As discussed in the Alcohol Treatment Matrix, these studies serve as an illustration of the difference organisational context can make. In the first clinic there were no active implementation efforts, little leadership encouragement to use reminders of any kind, no culture of routinely responding to clinical reminders, and no incentives for their use or for brief alcohol interventions. Contrast this with the other clinics where the culture was that reminders were to be responded to and their use was routine.
Secondary analyses found evidence to suggest that electronic prompts could help address disparities in provision, perhaps caused by implicit bias in clinical decision-making. Given entrenched inequalities in care and outcomes among racial minorities – particularly among Black people – this is an encouraging finding, and merits further research. Focusing on the findings about race, the point was not that it was a ‘good thing’ that prescribing among white people decreased after electronic prompts were introduced, but that being white may have previously given patients an unwarranted advantage in being supplied naloxone, which electronic prompts helped redress. However, the explanation might not be what it seems. If we look at the 11-month period before electronic prompts, prescribing was practically non-existent, except for one emergency department which had a take-home naloxone programme. This means that disparities in prescribing – for example, that take-home naloxone recipients were more likely to be white than non-recipients – could primarily be attributed to a single emergency department. During the 11-month period when electronic prompts were in use, this emergency department did not see an increase in prescribing: the increase was predominantly in emergency departments where there was little to no prescribing beforehand. Considering this, what we could reasonably take from the findings is that electronic prompts may have removed one of the ways that implicit bias can exert an effect by extending prescribing to other departments. What we cannot be sure of is that any implicit bias evident in clinicians before the intervention (ie, in the single emergency department) was ‘corrected’ with the introduction of electronic prompts.

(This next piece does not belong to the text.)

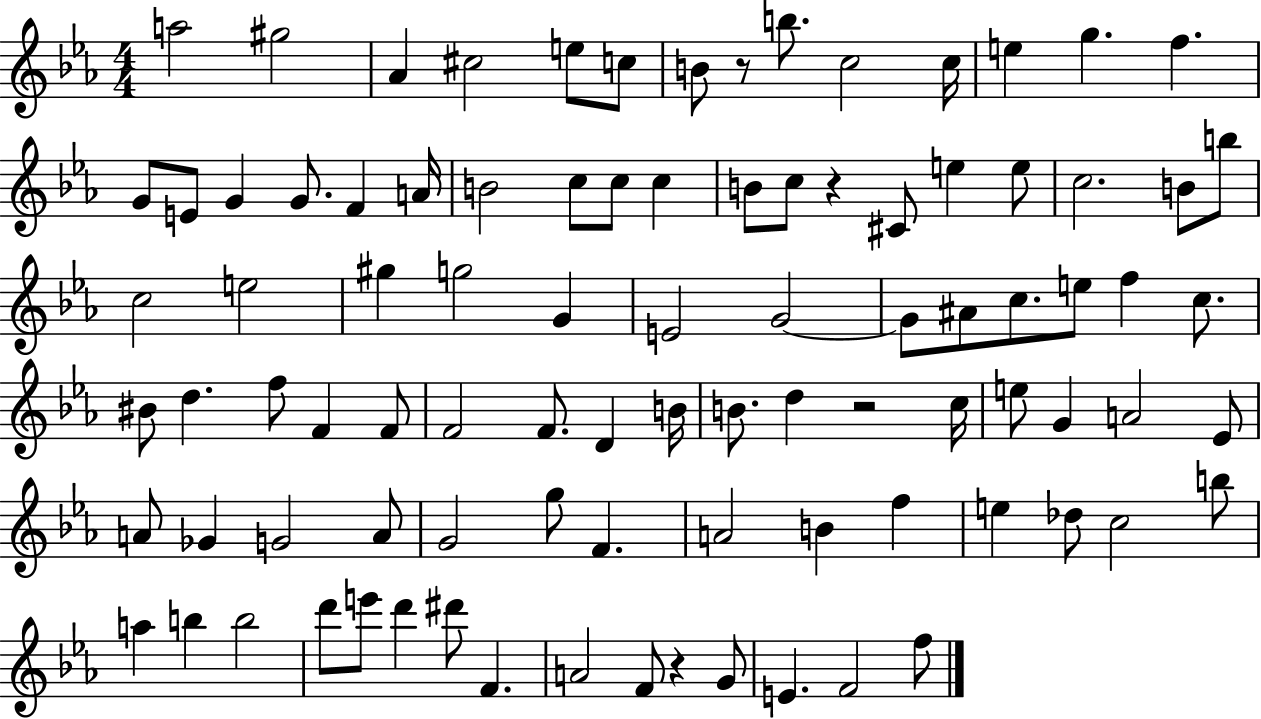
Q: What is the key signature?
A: EES major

The design of the study did not permit a follow-up with patients about their use or non-use of naloxone, attitudes towards naloxone, or thoughts on being prescribed naloxone in the emergency department after an overdose. Furthermore, it could not collect data about how many patients were offered naloxone but declined; based on other research, a considerable proportion (38%) of patients offered naloxone may have in fact said ‘no’.

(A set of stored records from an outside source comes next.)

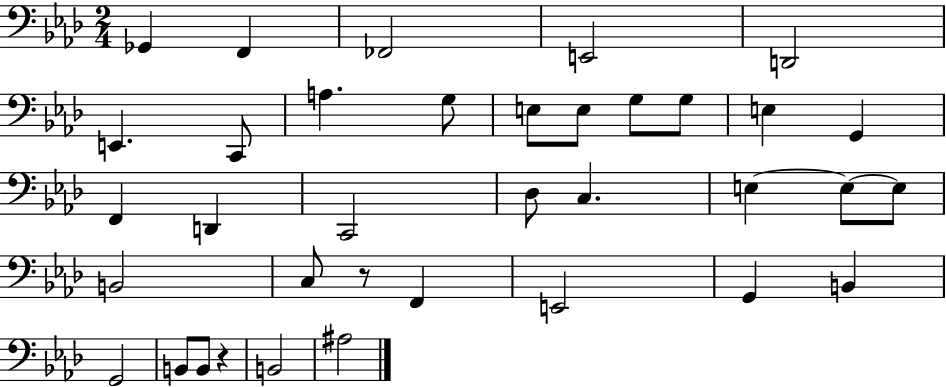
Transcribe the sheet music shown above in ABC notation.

X:1
T:Untitled
M:2/4
L:1/4
K:Ab
_G,, F,, _F,,2 E,,2 D,,2 E,, C,,/2 A, G,/2 E,/2 E,/2 G,/2 G,/2 E, G,, F,, D,, C,,2 _D,/2 C, E, E,/2 E,/2 B,,2 C,/2 z/2 F,, E,,2 G,, B,, G,,2 B,,/2 B,,/2 z B,,2 ^A,2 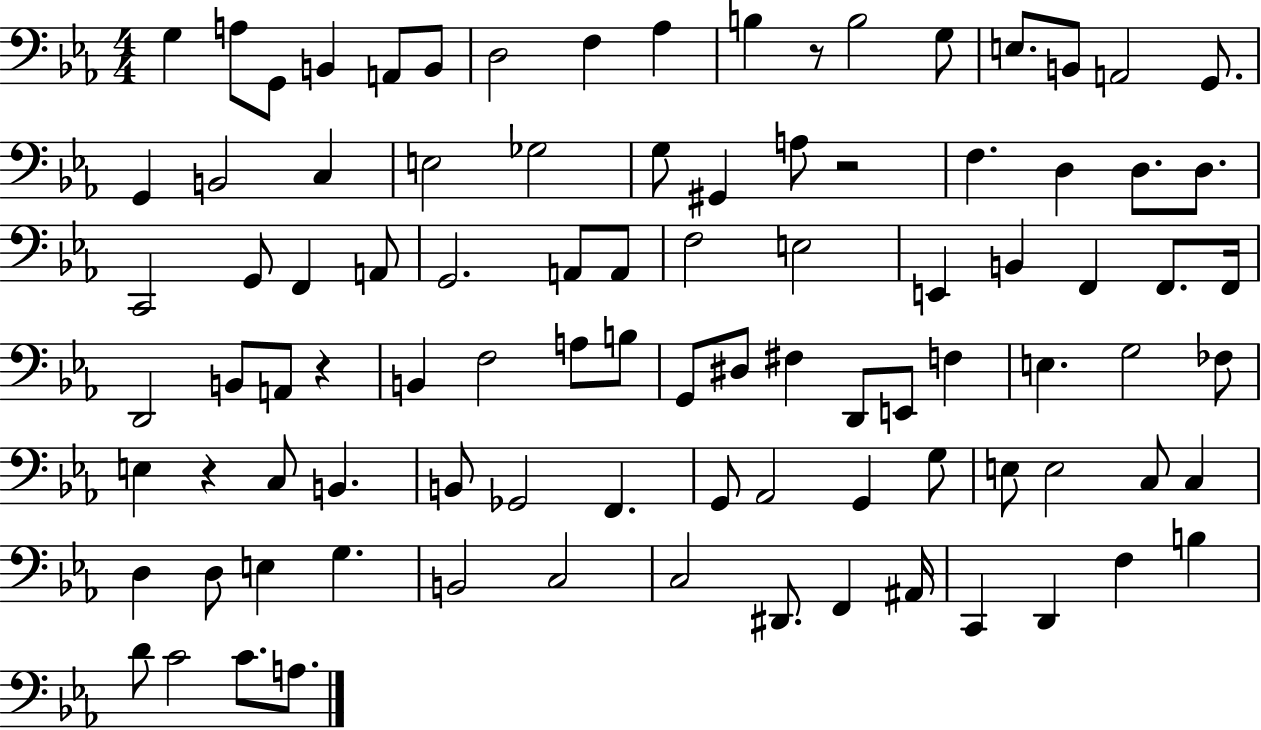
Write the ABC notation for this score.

X:1
T:Untitled
M:4/4
L:1/4
K:Eb
G, A,/2 G,,/2 B,, A,,/2 B,,/2 D,2 F, _A, B, z/2 B,2 G,/2 E,/2 B,,/2 A,,2 G,,/2 G,, B,,2 C, E,2 _G,2 G,/2 ^G,, A,/2 z2 F, D, D,/2 D,/2 C,,2 G,,/2 F,, A,,/2 G,,2 A,,/2 A,,/2 F,2 E,2 E,, B,, F,, F,,/2 F,,/4 D,,2 B,,/2 A,,/2 z B,, F,2 A,/2 B,/2 G,,/2 ^D,/2 ^F, D,,/2 E,,/2 F, E, G,2 _F,/2 E, z C,/2 B,, B,,/2 _G,,2 F,, G,,/2 _A,,2 G,, G,/2 E,/2 E,2 C,/2 C, D, D,/2 E, G, B,,2 C,2 C,2 ^D,,/2 F,, ^A,,/4 C,, D,, F, B, D/2 C2 C/2 A,/2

Another limitation of the featured study was the lack of a control group, which would have given the researchers a mechanism for comparing levels of prescribing between different sites with the primary difference being the presence or absence of electronic prompts. The design did feature a proxy control group of sorts – the 11-month time period in all settings prior to the introduction of electronic prompts, which was compared with the 11-month period after their introduction. This design renders it more difficult to conclude that the intervention caused the observed increase, because other factors may have been at play during the two time periods that contributed to the different levels of prescribing. For instance, all of the emergency departments were in a single healthcare system in the same state in the United States, and were potentially all subject to similar changes or continuity in the rate of overdose, overdose awareness, and availability of interventions to prevent (fatal) overdoses. However, findings supporting the specific contribution of electronic prompts included:
• a considerable (if non-significant) increase in overall prescribing, which seemed to be limited to emergency departments with little to no prior commitment to distributing take-home naloxone;
• evidence of a statistically significant downward trend in prescribing, followed by a statistically significant upward trend in prescribing that coincided with the introduction of electronic prompts.

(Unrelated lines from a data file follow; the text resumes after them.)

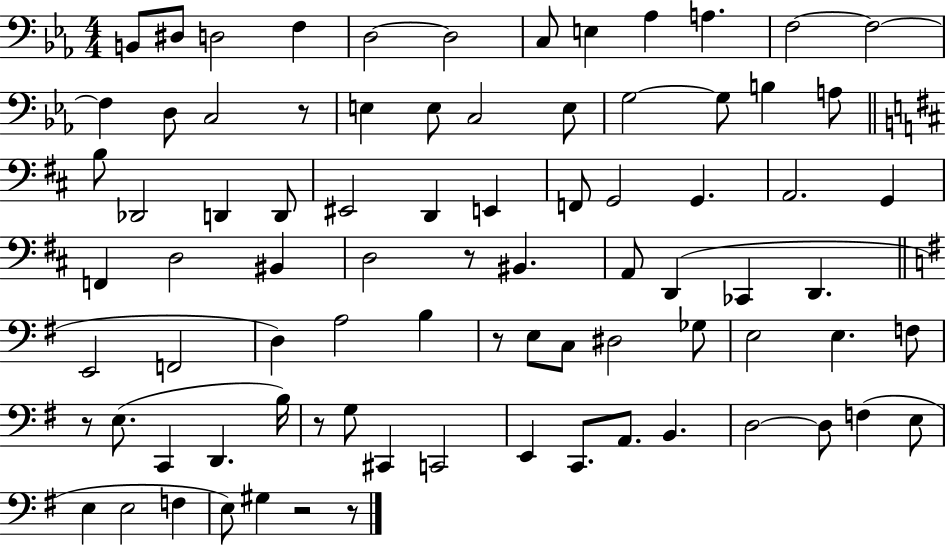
{
  \clef bass
  \numericTimeSignature
  \time 4/4
  \key ees \major
  \repeat volta 2 { b,8 dis8 d2 f4 | d2~~ d2 | c8 e4 aes4 a4. | f2~~ f2~~ | \break f4 d8 c2 r8 | e4 e8 c2 e8 | g2~~ g8 b4 a8 | \bar "||" \break \key d \major b8 des,2 d,4 d,8 | eis,2 d,4 e,4 | f,8 g,2 g,4. | a,2. g,4 | \break f,4 d2 bis,4 | d2 r8 bis,4. | a,8 d,4( ces,4 d,4. | \bar "||" \break \key g \major e,2 f,2 | d4) a2 b4 | r8 e8 c8 dis2 ges8 | e2 e4. f8 | \break r8 e8.( c,4 d,4. b16) | r8 g8 cis,4 c,2 | e,4 c,8. a,8. b,4. | d2~~ d8 f4( e8 | \break e4 e2 f4 | e8) gis4 r2 r8 | } \bar "|."
} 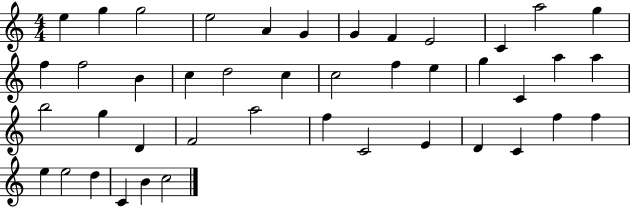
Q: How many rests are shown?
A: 0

In 2005 naloxone became the new hope for harm reduction after UK law was amended to permit emergency administration by any member of the public. Its legal approval was seen as an important step to widening availability – meaning that GPs could prescribe naloxone kits to suitably trained drug users, friends and families. Scotland lifted these restrictions further, allowing emergency-use naloxone to be provided to services without prescription, enabling drug treatment and homeless hostel staff to have the drug ready for use. National naloxone programmes have been in place in Wales and Scotland since 2011, but in the name of localism, England has so far not established a centrally driven national programme.
As of 2019, the nasal spray format was being trialled in a pioneering way by police officers in West Midlands Police, providing a potential model for other police forces and professionals who come into contact with people who inject in public places.
The UK’s first naloxone peer training and supply programme was launched in Scotland, where it is hoped that “volunteers will contribute to increasing the availability of naloxone within the community so that it is more likely to be present when an overdose occurs”.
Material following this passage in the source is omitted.